Task instructions> Please repeat word for word the line containing "Seat Leon 1.6 Reference - 14" and every following line up to and including the last one below, pictures excluded.

Source material>
= Beginning of Section =

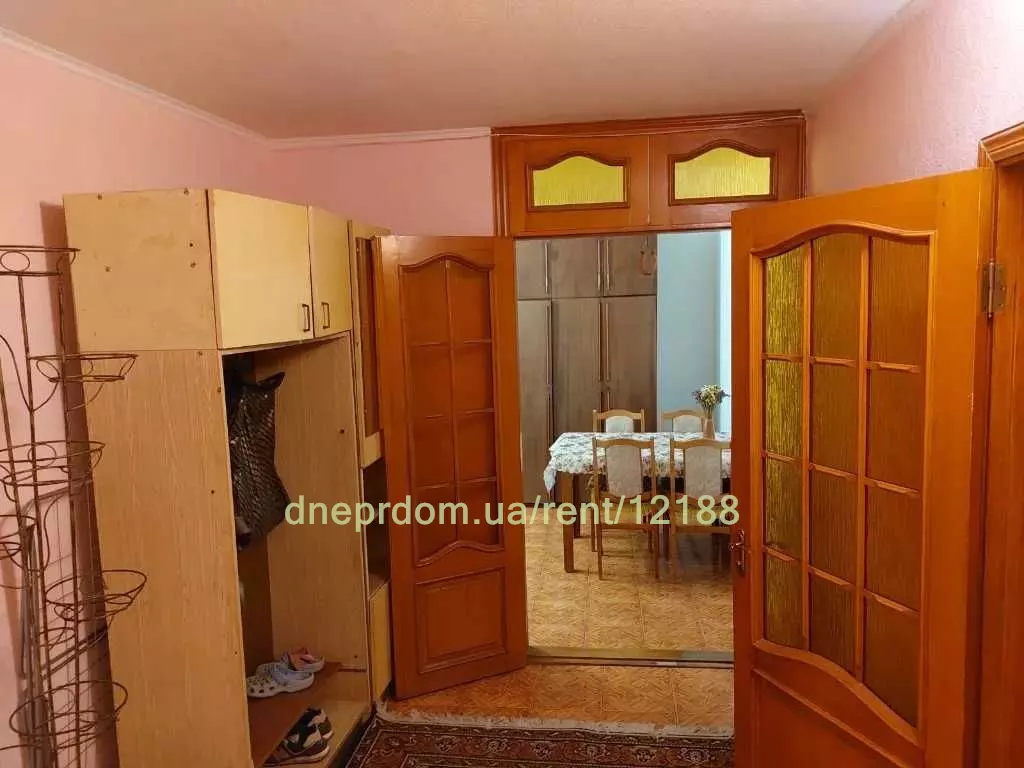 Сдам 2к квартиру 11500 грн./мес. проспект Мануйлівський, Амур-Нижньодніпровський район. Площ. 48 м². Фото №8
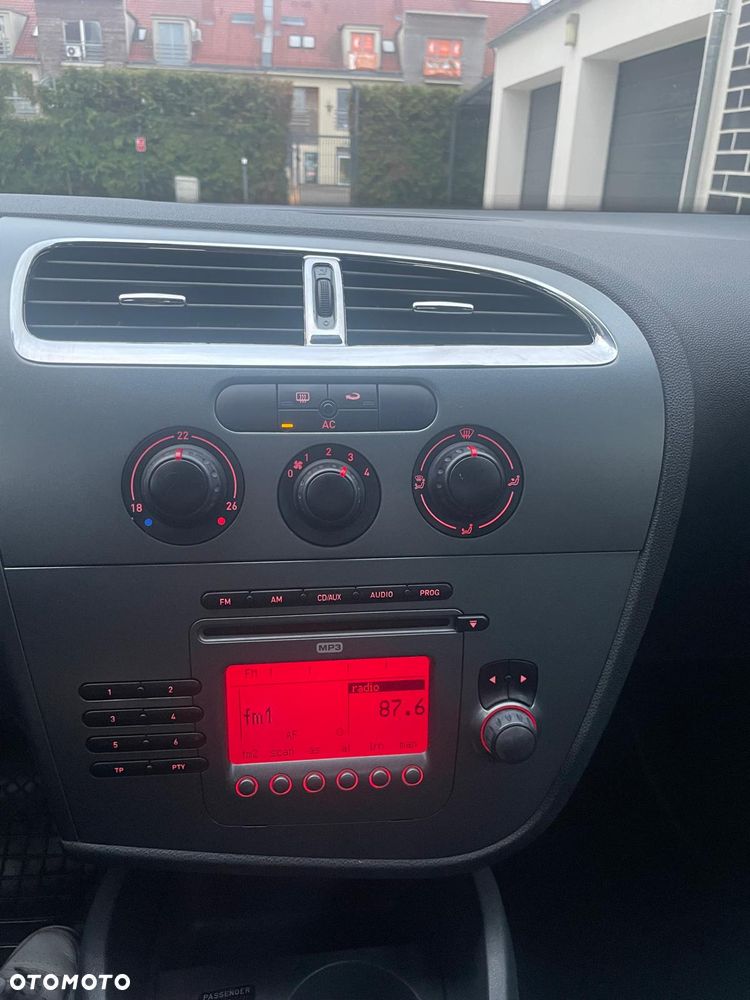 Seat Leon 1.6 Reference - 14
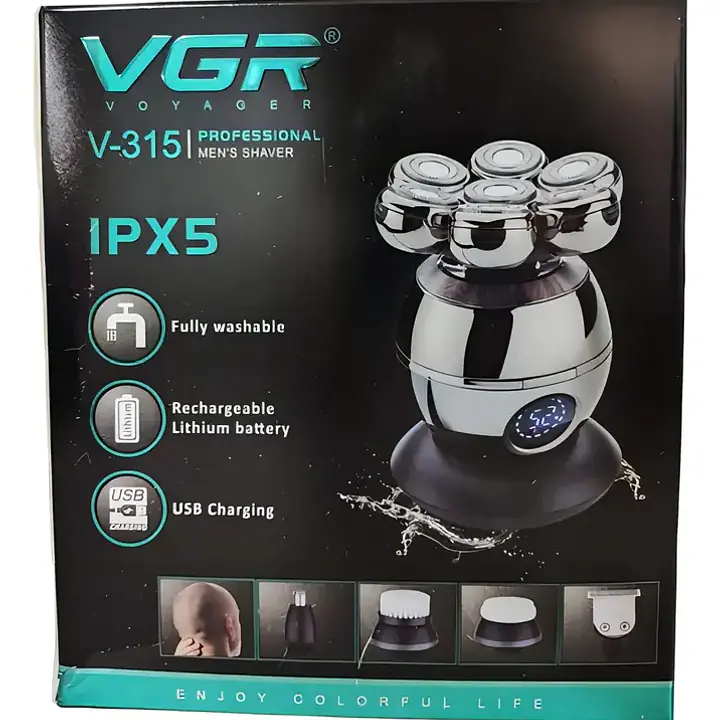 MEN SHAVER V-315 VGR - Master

= End of Section =

Exercise answer>
 Seat Leon 1.6 Reference - 14
 MEN SHAVER V-315 VGR - Master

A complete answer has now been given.